Satch nelle condizioni in cui versava non era riuscito a difendersi.
Ace si era salvato, anche se ne aveva passate di brutte, ma al Comandante della quarta divisione non era andata così bene.
Aveva battuto la testa ed era morto.
Il bambino non ricordava nulla di quello accaduto alle isole Sabondy, neanche dell'esistenza stessa di Satch, doveva aver preso anche lui una bella botta.
Marco si mise seduto.
Era morto.
Era morto.
Era morto.
“Dannazione” mormorò, stendendosi.
Si sentiva male, come stesse morendo anche lui.
Un 'crack' netto, come qualcosa che si rompe.
Con Satch aveva un legame indissolubile, gli permetteva di capirsi a vicenda sempre, di sentire l'uno ciò che provava l'altro.
Dalla morte di White – della sua White – quel legame era andato corrodendosi e allenandosi.
Marco sentiva sempre freddo, si sentiva sempre più solo, come se tutti dovessero abbandonarlo e dovesse morire da un momento all'altro.
Percepiva più in ritardo le emozioni del maggiore, a volte non riusciva a capirle, altre le ignorava.
Si era allontanato sperando di star meglio, e invece stava sempre peggio.
E ora sentiva come se stesse morendo anche lui.
“Dannato idiota” singhiozzò, affondando il capo nel cuscino.
Chiuse gli occhi.
L'oblio della morte lo cullava dolcemente, allora perché non poteva lasciarsi andare?
'Giusto. Le divinità non possono morire' si ricordò, stancamente 'Dovrò vivere un'esistenza così...vuota?' si chiese, aggrappandosi a quell'oscurità.
La stessa che Teach aveva rubato a Satch.
Non che al cuoco interessasse, ma Marco sapeva che gli spettava di diritto.
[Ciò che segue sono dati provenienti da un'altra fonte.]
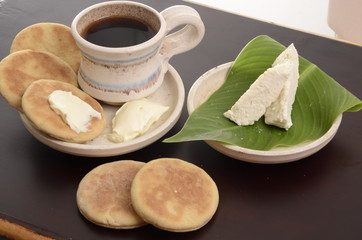 Wall Mural - arepa de trigo venezolana con queso cuajado y taza de café caliente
Alle persone speciali come lo era Satch, spettavano sempre grandi poteri.
'Non voglio essere una divinità' pensò, il volto schiacciato contro il letto 'Voglio morire'.
Era da quella volta che lo trattava da schifo.
Da quando non gli aveva riportato White.
Che stupido.
Come avrebbe potuto farlo? Era morta.
Strano.
Ora che aveva perso Satch riusciva ad accettare che White fosse deceduta un anno prima.
Voleva dimenticare tutto.
Come si chiamava, chi era, da dove veniva.
Voleva dimenticare White e Satch.
Morire, almeno un po', perché il suo corpo non poteva, ma le sue ambizioni e le sue emozioni sì.
Barbabianca, quando entrò, lo trovò addormentato così.
Il volto bagnato e rosso, il corpo abbandonato, avvolto dalle piume della fenice che gli impedivano di morire come desiderava.
Vorticavano, come volessero cancellare tutto.
E cancellarono Phoenix, la sua esistenza e il suo ricordo.

"Esistono tanti frutti di tipo Zoo Zoo, che danno il potere della metamorfosi in un animale racchiuso in essi. Ma quell'uomo, un'insolita persona, di saggezza infinita in un corpo cosi giovane, ne prese il più immenso e leggendario potere. Costui è il Comandante della prima divisione dell' uomo più potente del mondo, noto come Barbabianca. Si fa chiamare Marco la Fenice...".